Le corti hanno concluso che, in base al principio di “normalità”, era altamente probabile che Berlusconi fosse consapevole e avesse accettato l’inoltro della provvista corruttiva a Previti. Questo nonostante non ci fosse una prova diretta del suo coinvolgimento nella corruzione in sede penale. Le corti civili hanno potuto valutare la responsabilità ai fini del risarcimento civile, basandosi sul principio che “l’estinzione del reato per prescrizione non esclude un accertamento di responsabilità incidentale ai soli fini civilistici”.
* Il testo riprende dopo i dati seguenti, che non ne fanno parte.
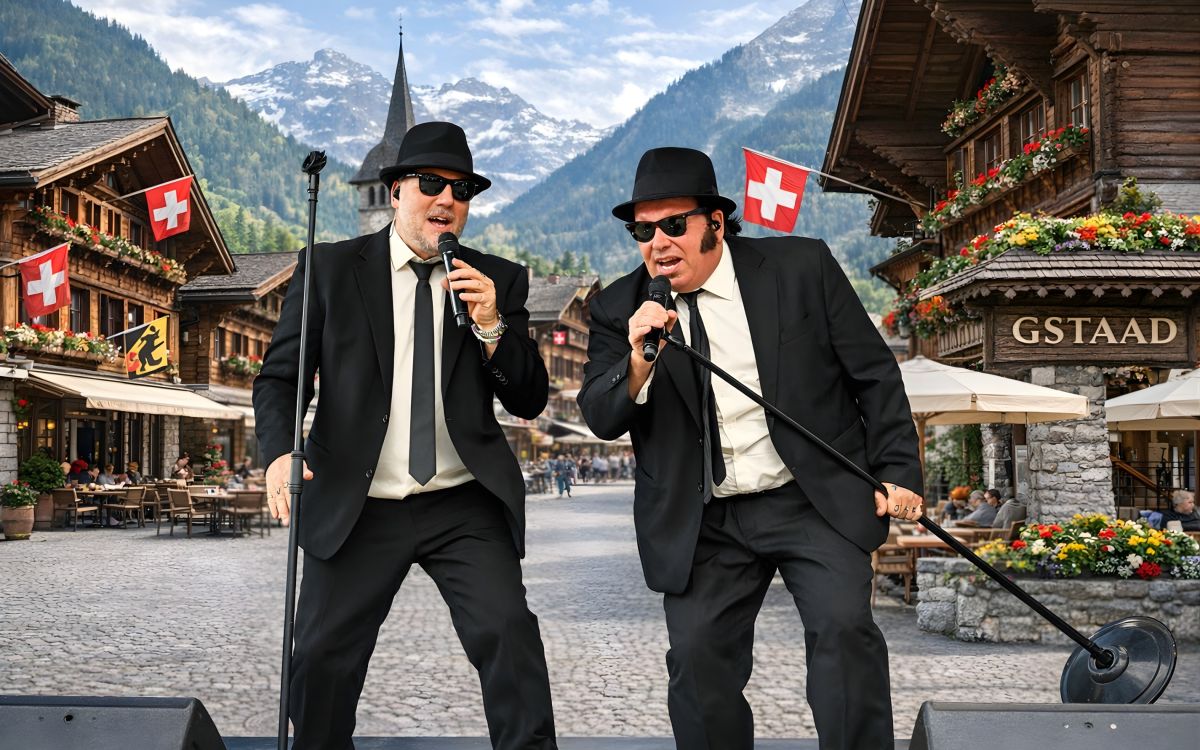 Big Blue - Blues Brothers in Gstaad (© @bigblue.show)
Il risarcimento di 494 milioni di euro a De Benedetti

Parallelamente al procedimento penale, la vicenda del Lodo Mondadori ha visto un lungo contenzioso civile, in cui la Cir di Carlo De Benedetti (nella foto insieme a Silvio Berlusconi) chiese il risarcimento dei danni subiti a causa della corruzione del giudice Metta. Le sentenze della Corte d’Appello Civile di Milano hanno riscritto le sorti di questo giudizio, che si è concluso con una condanna di Fininvest al risarcimento di oltre 500 milioni di euro.

Silvio Berlusconi e Carlo De Benedetti, patron della Cir

La Cir chiese il risarcimento dei danni patrimoniali e non patrimoniali derivanti dalla corruzione del giudice Vittorio Metta. Sostenne di aver subito un danno da “sentenza ingiusta” e una perdita di “chance” di ottenere una sentenza favorevole. La richiesta iniziale ammontava a 468.882.841,02 euro. La Fininvest eccepì la prescrizione dell’azione, la mancanza di responsabilità per i fatti commessi da Silvio Berlusconi e Cesare Previti e la mancanza di un nesso causale tra la corruzione e il danno subito da Cir.

Il Tribunale di Milano, in primo grado, riconobbe la responsabilità di Fininvest, sia per il fatto illecito di Berlusconi (in quanto amministratore della società) sia per quello di Previti (in quanto suo mandatario generale). La sentenza di primo grado condannò Fininvest a risarcire Cir con 380 milioni di euro. La Corte d’Appello Civile confermò la responsabilità di Fininvest. Fu riconosciuto il danno patrimoniale per perdita di “chance”, in misura non inferiore all’87% dell’importo chiesto a titolo di danno patrimoniale.

La Corte considerò che la corruzione del giudice Metta aveva indebolito la posizione negoziale di Cir, costringendola ad accettare una transazione sfavorevole con Fininvest nella spartizione del gruppo editoriale: 184.322.877,94 euro. Fu riconosciuto a Cir anche il rimborso delle spese legali sostenute a causa della corruzione, quantificate in 4.606.800,62 euro. Fu riconosciuto il diritto di CIR al risarcimento del danno non patrimoniale, derivante dalla lesione del diritto ad avere un giudice imparziale e dal danno all’immagine e alla reputazione.

L’ammontare del danno non patrimoniale fu rinviato a un separato giudizio civile. In conclusione, la Corte d’Appello di Milano riconobbe a Cir un risarcimento complessivo che, includendo i danni patrimoniali, le spese legali e gli interessi, superava i 564,2 milioni di euro. Nel 2013, la Corte di Cassazione si pronunciò definitivamente sull’entità del risarcimento, riducendolo a 494 milioni di euro. Importo che la società di Berlusconi ha poi effettivamente dovuto versare alla Cir.